ことの始まりは、「ピラフ」でした。

 テレビから流れてきた「ピラフは、生の米を具材と一緒に炒めてからスープで炊く」という作り方を耳にしたとき、

 私は「え? 炊いてあるごはんを炒めるんじゃないの?」と思いました。

 ピラフとチャーハンの作り方のちがいを知らず、料理を正しく区別できていなかったのです。

『たべもの くらべっこ えほん』の企画は私自身の知識のなさからスタートしました。

 

 本書の製作にあたっては最初に、小学生の子どもたちやお母さん方にアンケートを実施しました。

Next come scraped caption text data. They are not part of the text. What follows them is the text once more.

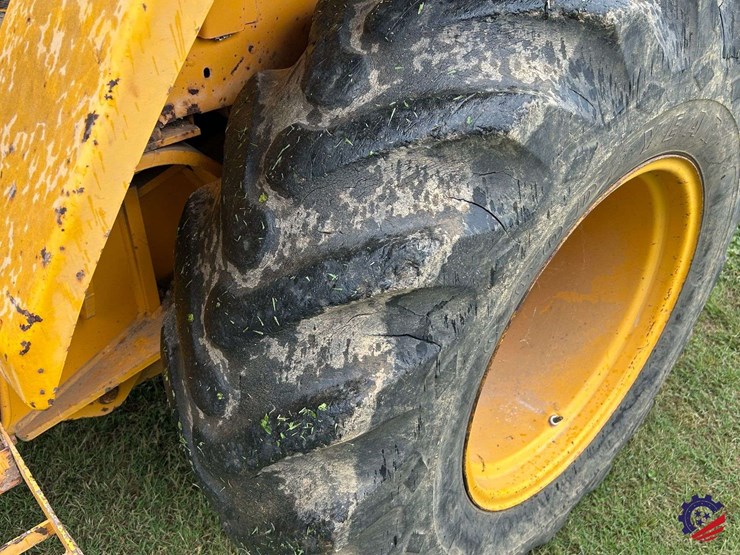 1989-john-deere-310-image-11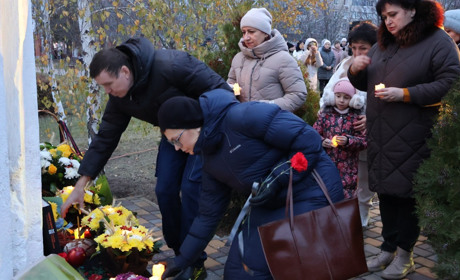 Свічками, квітами та молитвами южноукраїнці вшанували пам'ять загиблих від Голодомору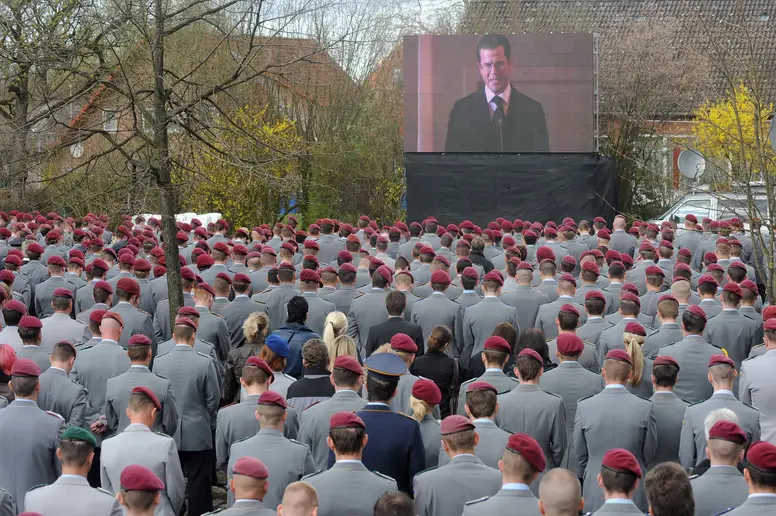 Soldaten verfolgen die Rede von Verteidigungsminister Karl-Theodor zu Guttenberg während der Trauerfeier im niedersächsischen Selsingen.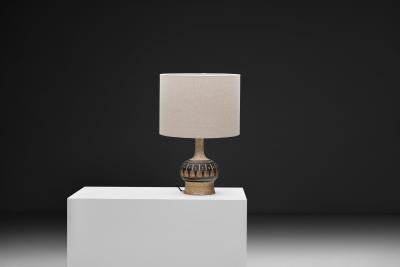 Jette Heller e Stoneware Table Lamp with Black Glazed Reliefs by Jette Heller e Denmark 1970s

 野菜・果物・肉・海産物・料理・菓子・飲料・加工食品・調味料などの中から31項目のまちがえやすい食べ物をピックアップし、認識度やまちがえやすいポイントを調査した結果が紙面構成のヒントになっています。

 

 食べ物の違いを調べ上げて、原稿を書いた高岡昌江さんによれば、野菜・果物・肉・海産物などは生物という観点で違いを明確に解くことができ、料理・菓子・飲料・加工食品・調味料などに関しては文化人類学的な要素も多分に絡み合ってきます。

 

 つまり、間違えやすい食べ物を比べることは食べ物そのものの正体を知るだけにとどまらず、幅広いジャンルの知識、ユニークなうんちくに接することでもあるのです。

 

 こうして完成した『たべもの くらべっこ えほん』

 編集を終えたときに私は確信しました。

 子どもたちにとって、ふだん食べているもののことを何も知らないでいるより、知っているほうが、きっと人生は豊かになるはずです。

 大人だって、まだ間に合うでしょう。

 ぜひ手にとって、いろいろな食べ物と向き合ってみてください。